Ton Elisa est satisfaite - et les italiens ont eu des humanistes et philosophes un peu avant puis en liaison avec nous jusqu'au 18ème siècle ou nous avons pris provisoirement le dessus. Veulent ils bien nous accepter comme frères, après avoir été nos grands frères
Ecrit par : brigetoun | 30.10.2006
Lula a été réélu, dans ses contradictions, pas simple ...
Et ici, les bourges écolos vont acheter les chataignes bios alors que les bois en regorgent ... des fois je me dis que ...

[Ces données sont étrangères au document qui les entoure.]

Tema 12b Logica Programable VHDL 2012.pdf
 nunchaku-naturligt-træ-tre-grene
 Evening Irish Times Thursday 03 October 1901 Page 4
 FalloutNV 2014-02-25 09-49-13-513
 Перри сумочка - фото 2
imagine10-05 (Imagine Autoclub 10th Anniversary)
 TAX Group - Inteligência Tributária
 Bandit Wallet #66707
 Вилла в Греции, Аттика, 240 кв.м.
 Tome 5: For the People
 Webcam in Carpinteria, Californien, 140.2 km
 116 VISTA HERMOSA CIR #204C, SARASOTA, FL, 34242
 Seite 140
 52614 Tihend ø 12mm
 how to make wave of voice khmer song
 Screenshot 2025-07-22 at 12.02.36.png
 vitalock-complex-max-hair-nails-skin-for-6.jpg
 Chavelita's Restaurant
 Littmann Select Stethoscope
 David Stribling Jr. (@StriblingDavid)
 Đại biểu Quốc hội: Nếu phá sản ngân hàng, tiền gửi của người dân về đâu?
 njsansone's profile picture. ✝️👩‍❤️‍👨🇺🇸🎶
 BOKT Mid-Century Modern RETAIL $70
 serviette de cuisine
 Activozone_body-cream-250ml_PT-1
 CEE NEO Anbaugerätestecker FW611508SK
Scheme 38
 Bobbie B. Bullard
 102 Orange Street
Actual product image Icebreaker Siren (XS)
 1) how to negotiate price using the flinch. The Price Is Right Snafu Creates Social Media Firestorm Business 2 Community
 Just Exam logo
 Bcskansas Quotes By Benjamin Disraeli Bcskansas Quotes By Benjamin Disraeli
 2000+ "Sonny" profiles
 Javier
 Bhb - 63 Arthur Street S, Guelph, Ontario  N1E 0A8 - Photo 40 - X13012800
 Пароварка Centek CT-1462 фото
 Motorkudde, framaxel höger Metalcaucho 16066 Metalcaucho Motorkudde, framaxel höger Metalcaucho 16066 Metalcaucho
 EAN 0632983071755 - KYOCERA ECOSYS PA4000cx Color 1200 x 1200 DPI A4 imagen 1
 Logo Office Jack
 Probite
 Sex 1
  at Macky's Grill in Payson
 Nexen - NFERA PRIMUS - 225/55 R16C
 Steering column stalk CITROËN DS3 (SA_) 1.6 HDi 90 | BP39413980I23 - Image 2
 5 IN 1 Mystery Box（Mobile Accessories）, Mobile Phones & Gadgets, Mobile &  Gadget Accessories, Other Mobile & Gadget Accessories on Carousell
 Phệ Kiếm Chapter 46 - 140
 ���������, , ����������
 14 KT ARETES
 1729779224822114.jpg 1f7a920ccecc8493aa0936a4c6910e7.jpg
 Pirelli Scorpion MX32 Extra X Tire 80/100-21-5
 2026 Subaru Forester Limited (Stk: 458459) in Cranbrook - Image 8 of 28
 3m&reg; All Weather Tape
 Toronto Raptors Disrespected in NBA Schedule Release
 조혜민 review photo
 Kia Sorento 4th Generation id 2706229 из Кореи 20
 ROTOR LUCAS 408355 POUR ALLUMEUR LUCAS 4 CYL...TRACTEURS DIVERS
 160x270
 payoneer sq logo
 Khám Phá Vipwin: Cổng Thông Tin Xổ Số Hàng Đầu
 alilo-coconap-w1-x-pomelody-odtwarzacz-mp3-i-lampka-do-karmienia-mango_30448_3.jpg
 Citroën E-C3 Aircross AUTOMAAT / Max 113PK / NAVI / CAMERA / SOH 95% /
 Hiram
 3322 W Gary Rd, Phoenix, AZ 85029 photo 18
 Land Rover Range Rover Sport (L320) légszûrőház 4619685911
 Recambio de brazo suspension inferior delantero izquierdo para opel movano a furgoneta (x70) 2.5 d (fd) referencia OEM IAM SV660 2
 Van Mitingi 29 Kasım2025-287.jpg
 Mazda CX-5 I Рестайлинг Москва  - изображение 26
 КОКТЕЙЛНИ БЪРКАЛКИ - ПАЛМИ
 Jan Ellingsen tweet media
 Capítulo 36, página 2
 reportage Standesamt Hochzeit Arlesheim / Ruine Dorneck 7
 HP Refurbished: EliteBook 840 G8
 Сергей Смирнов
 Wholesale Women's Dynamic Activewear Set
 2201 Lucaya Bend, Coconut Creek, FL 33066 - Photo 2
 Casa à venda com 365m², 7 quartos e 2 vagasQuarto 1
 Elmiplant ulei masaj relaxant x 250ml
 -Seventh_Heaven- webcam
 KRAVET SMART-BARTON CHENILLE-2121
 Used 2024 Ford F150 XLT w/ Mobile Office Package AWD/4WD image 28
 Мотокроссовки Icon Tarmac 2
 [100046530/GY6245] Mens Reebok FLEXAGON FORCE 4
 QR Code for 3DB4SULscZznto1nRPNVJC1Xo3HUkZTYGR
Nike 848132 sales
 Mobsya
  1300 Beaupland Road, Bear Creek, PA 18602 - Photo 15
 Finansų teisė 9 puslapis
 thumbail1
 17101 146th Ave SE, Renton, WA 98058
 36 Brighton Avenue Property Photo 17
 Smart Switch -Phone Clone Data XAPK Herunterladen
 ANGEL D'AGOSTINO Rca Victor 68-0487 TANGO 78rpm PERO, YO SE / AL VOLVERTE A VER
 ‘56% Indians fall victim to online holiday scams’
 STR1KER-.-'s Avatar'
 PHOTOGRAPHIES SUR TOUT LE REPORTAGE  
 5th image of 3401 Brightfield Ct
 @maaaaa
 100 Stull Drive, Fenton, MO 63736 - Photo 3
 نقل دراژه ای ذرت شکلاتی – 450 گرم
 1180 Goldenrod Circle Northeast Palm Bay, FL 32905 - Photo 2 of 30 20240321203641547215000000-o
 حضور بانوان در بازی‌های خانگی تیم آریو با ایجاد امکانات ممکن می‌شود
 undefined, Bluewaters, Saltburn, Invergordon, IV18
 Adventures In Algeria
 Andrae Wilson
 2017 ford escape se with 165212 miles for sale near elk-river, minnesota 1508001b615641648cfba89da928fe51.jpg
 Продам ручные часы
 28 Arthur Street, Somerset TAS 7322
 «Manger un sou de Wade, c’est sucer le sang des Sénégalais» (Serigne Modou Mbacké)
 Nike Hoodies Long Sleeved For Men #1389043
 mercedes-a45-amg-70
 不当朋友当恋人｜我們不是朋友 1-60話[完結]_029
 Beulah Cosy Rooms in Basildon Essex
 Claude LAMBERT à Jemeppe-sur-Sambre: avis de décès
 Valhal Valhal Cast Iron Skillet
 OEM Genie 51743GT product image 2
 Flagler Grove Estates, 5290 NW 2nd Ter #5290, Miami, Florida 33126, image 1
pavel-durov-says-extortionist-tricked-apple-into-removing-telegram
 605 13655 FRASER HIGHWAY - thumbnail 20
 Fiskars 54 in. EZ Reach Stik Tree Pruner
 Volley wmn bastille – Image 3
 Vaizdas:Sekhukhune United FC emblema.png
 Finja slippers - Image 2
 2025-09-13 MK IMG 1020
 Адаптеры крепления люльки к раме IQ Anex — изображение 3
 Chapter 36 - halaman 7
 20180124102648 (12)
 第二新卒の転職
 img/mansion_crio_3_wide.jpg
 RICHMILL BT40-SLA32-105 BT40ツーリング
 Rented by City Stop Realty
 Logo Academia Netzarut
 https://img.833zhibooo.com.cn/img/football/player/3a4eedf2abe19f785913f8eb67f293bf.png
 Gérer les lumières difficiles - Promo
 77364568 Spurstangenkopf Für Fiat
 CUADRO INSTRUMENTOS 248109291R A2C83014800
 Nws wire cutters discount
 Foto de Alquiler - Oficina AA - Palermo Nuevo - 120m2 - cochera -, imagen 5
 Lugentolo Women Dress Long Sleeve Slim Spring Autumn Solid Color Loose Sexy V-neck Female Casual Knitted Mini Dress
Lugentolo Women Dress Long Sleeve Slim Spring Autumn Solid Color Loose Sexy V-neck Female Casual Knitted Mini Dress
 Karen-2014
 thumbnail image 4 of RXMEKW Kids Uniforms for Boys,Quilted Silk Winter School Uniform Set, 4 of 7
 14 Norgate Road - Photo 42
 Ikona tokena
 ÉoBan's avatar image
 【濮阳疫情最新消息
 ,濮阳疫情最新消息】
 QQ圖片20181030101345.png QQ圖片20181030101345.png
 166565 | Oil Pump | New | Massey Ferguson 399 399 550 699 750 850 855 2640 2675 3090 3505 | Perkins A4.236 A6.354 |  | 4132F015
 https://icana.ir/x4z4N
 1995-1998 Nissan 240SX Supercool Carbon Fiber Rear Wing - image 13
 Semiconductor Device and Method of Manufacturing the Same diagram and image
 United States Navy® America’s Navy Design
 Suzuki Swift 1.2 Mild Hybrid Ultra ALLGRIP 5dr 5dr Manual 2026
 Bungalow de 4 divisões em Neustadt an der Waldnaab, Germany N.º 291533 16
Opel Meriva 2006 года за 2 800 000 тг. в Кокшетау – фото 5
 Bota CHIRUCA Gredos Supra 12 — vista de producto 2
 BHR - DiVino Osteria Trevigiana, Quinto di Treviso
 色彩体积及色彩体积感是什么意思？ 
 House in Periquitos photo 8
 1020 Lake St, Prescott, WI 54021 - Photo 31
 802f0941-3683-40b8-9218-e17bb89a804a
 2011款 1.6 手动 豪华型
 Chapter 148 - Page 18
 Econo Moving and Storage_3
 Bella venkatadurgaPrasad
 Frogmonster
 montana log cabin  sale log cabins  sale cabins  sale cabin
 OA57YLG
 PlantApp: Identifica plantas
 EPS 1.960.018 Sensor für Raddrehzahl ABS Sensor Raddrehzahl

Ecrit par : les marques du plaisir | 31.10.2006
merci à tous de la visite et des coms
oui, Amarula, les italiens sont craquants
jolies Viviane vos lignes sur les douleurs de l'enfance
Brigetoun, les italiens nous aiment, mais nous les agaçons, justement parce sur le plan artistique et culturel, depuis le néo rélisme italien c'est un peu le désert, chez nous aussi remarque bien, mais ils s'en rendent moins compte.
Les Marques du plaisir
le bourge écolo....pffffft!
Ecrit par : céleste | 31.10.2006
Céleste,
Il me tarde de te rejoindre bientôt...
Ton billet me met à la bouche une somptueuse soupe de châtaignes que ma grand-mère nous servait pour les soirées froides avec une cuillérée de crème fraîche et des croûtons frottés à l'aïl "maison".
Fermons-les yeux.
Avec toi et ta magie de réveiller les souvenirs endormis.
Bises ma belle.
Ecrit par : corinne | 31.10.2006
Rien à voir avec ton billet (que j'aime bien pour l'ambiance qu'il fait partager), c'est juste pour dire le plaisir que ça a été de découvrir ton blog (par l'intermédiaire de tes très justes réactions à l'article qui cherche à mettre face à face "jeunes" et "vieux", de manière assez révoltante).
De plus quelqu'un qui connaît Luc le bateleur est automatiquement quelqu'un de sympathique.
Merci, je m'abonne.
Ecrit par : Claudius | 31.10.2006
Je ne savais pas quoi manger pour faire passer la pizza à la banane de hier soir : j'ai trouvé dans ma cuisine une petite soupe aux Chataignes... Ben avec une louche d'huile d'olives de Nyons, ça fera la Rue Michel.
C'est beau encore ces photos... On passe de l'Inde à des quartiers d'Italie qui rappellent les vacances calmes et sympathiques, avec en plus les couleurs de l'automne qui donnent une petite touche "Heidi" bien sympathique...
Bah, les Italiens nous ont battu en foot, mais c'est un beau pays, un peuple latin que j'aime bien, un pays que j'aime bien. On y mange bien, on y passe de bons moments, merci de nous les faire partager.
Allez, je vais déjeuner. Salut ^___^
Ecrit par : Falconhill | 01.11.2006
@Claudius
bienvenue sur mon blog et merci de ton com!
je suis contente que tu aies lu et apprécié tous les coms que j'ai laissé sur l'article dont tu parles, sur les blogs, on ne sait pas pour qui on écrit;
Tu sais je ne connais Luc que virtuellement, mais j'aime beaucoup ce qu'il écrit et de temps à autre il laisse un com chez moi..
à bientôt j'espère
Ecrit par : céleste | 01.11.2006
euh ... pizza à la banane ??????? c'est américain ça ???? des fois j'ai peur ....
Ecrit par : les marques du plaisir | 01.11.2006
@Marque du plaisir : c'est un dessert, et c'est trééééééééééés lourd.. (j'ai eu peur aussi, mais le pire c'est que ça se mange... depuis ma balance me fait la gueule, et mes pantalons aussi, mais c'est secondaire ^^)
Ecrit par : Falconhill | 01.11.2006
@Falconhill
impossible de poster chez toi, c'était juste pour te dire: t'as raison te bile pas, prends les bons côtés de la vie, il y en a plein.